La caratteristica di questi quartieri sono le chaya (o forse dovrei dire “i” chaya… boh) ovvero le tipiche case da té del periodo Edo costruite in legno, generalmente a due piani (al secondo piano c’erano le stanze per gli ospiti) dove i ricchi signori e i commercianti dell’epoca andavano a bere il té intrattenuti dall’arte delle geisha. Se ti capita di vedere una tipica struttura a grata all’esterno del chaya, sappi che è un elemento tipico della tradizione e prende il nome di kimusuko. Se ti dovesse capitare l’occasione di visitare un ambiente (chiaramente, ricostruito) delle abitazioni di una geisha, noterai il cuscino è poggiato su rialzo in legno: si tratta del hakomakura (箱枕) o takamakura (高枕) e ha la funzione di mantenere la nuca della donna sollevata da terra durante il sonno per non rovinarne l’elaborata acconciatura.
Omicho Market – la cucina di Kanazawa
Sfido chiunque ad attraversare il mercato Omicho senza perdersi nella rete di stradine coperte tra negozi alimentari e banchi del pesce. Io ero entrato per fare colazione e poco dopo avevo in mano un’ostrica freschissima più grande del palmo della mia mano e una spremuta d’arancia bevuta direttamente nella sua buccia!
Se pensi che non si tratti di un sito storico, dovrai ricrederti: questo mercato è il più grande della città e la sua origine risale al periodo Edo (1603-1868) e oggi conta circa 170 esercizi commerciali. Il suo splendore è al mattino, quando gli stessi abitanti di Kanazawa vengono ad acquistare il pesce freschissimo (uno dei vanti di questo mercato è la garanzia di far arrivare sui banchi il pesce pescato nel mar del Giappone nel minor tempo possibile) ma all’ora di pranzo diventa un’immensa food court dove assaggiare prelibatezze ittiche come fossero street food.
Quello che mi ha colpito di questo posto è come sia “vissuto” anche dalla popolazione come un luogo d’incontro e di scambio culturale: sbirciando i manifesti affissi nelle bacheche e nei corridoi del secondo piano ho trovato annunci di eventi, giornate a tema, eventi padri e figli e tante altre occasioni, tanto da essersi meritato il nickname di “Kanazawa’s Kitchen“. Se vorrai pranzare a base di sushi, sashimi o altro tipo di pesce freschissimo, hai solo l’imbarazzo della scelta per un prezzo che di aggira sui 2000-3000 Yen e una qualità altissima.
Se invece sei qui per fare acquisti, puoi perderti tra i vari negozi o il supermercato su due piani che offre anche prodotti essiccati da riportare in viaggio.

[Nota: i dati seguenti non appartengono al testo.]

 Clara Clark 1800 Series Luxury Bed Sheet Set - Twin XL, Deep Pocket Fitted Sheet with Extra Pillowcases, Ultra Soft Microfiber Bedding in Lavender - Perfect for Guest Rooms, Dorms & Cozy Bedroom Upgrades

Ah, dimenticavo: se hai dubbi sul pesce da acquistare o su come prepararlo, un cartello all’ingresso invita a chiedere informazioni ai venditori che, in qualità di esperti, sono lì anche per consigliarti.

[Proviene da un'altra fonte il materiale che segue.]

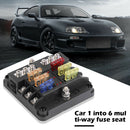 6 Way Fuse Box Standard Blade Fuse Holder with Negative Bus for Car Boat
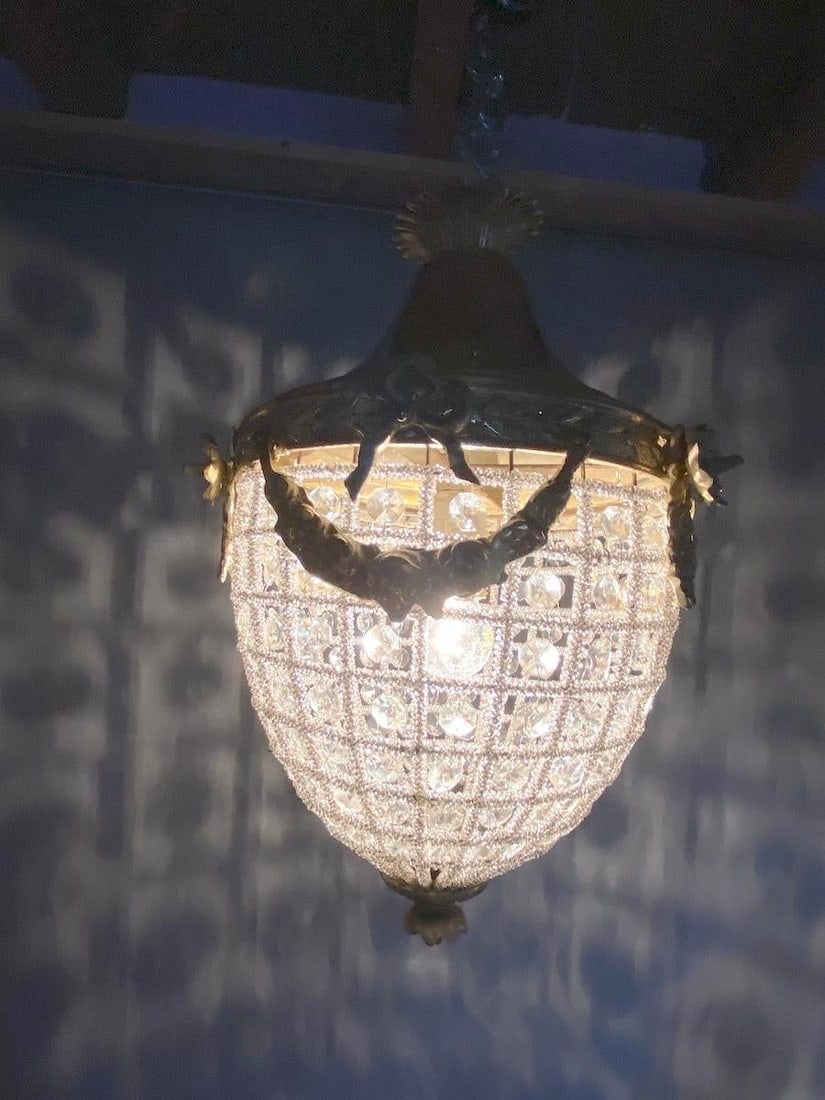 French Louis XVI Bronze Chandelier Lantern Late 20th C - 12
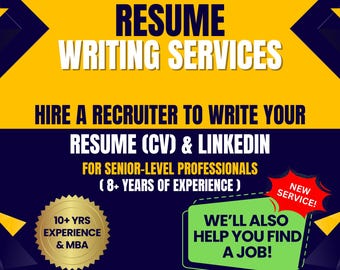 Resume Writing Services for Senior-Level Professionals (8+ Yrs Exp): Resume + LinkedIn Optimization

L’Omicho Market è a metà strada tra la stazione centrale e il parco del castello. Dalla stazione puoi arrivarci con poche fermate di bus oppure con una passeggiata di 15 minuti. In caso di sole battente o di pioggia intensa, cerca delle scalette e verrai proiettato in un corridoio sotterraneo che segue la via principale ed esce proprio all’ingresso del mercato: di più non riesco a dirti perché l’ho trovato per puro caso seguendo una signora con le buste della spesa (non datemi dello stalker, vi prego… l’ho fatto per il blog!).
Mancava solo il boss del livello
Diario di Viaggio
Passeggiare per i distretti storici di Kanazawa è un’esperienza da fare assolutamente: non ci sono a stupirti “effetti speciali o colori ultravivaci” (è una citazione di una pubblicità dei miei tempi, quindi “bravo” se l’hai riconosciuta!) ma la bellezza di un’atmosfera antica che si conserva nelle forme, negli odori e nei suoni di una serie di stradine. Devo avvisarti che lasciare la via principale, specialmente nei distretti delle geisha, significa ritrovarsi in un labirinto di viuzze che dopo un po’ ti faranno perdere l’orientamento e sarai convinto di girare su te stesso.

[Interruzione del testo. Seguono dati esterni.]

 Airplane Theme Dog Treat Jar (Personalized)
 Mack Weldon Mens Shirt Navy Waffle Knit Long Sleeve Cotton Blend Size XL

L’errore da non fare, a meno che non ti piaccia il brivido e sei il tipo da esplorazione alternativa, è andare a fare una passeggiata nel distretto storico dopo le 18.00. Ho imparato a mie spese che le città montane, come Kanazawa e Takayama, a ‘na certa, chiudono come i grandi magazzini. E non intendo che trovi meno cose aperte, ma che in strada ci resti solo tu!
Ho visitato Kanazawa in agosto e ho avuto l’ardire di attardarmi tra i negozietti lungo la strada arrivando a Higashiyama che era già buio. L’atmosfera era spettrale!
Non c’era nulla di aperto e l’unica locanda che aveva ancora una luce accesa non accettava altri clienti.
Per un breve tratto c’era con me un altro turista che ne approfittava per fare qualche foto ma, a un certo punto, non l’ho più sentito e, girandomi, ho dovuto registrarne la scomparsa!
I passi riecheggiavano e le poche luci soffuse proiettavano ombre su una strada che non riuscivo a vedere benissimo.
Per farla breve, ho dovuto attivare il fido Google Maps per riuscire a ritrovare l’orientamento per uscire da quel “gioco”, con la sensazione costante che da qualsiasi anfratto potesse uscire il boss del livello con ciò che restava del povero turista/fotografo di cui avevo perso le tracce…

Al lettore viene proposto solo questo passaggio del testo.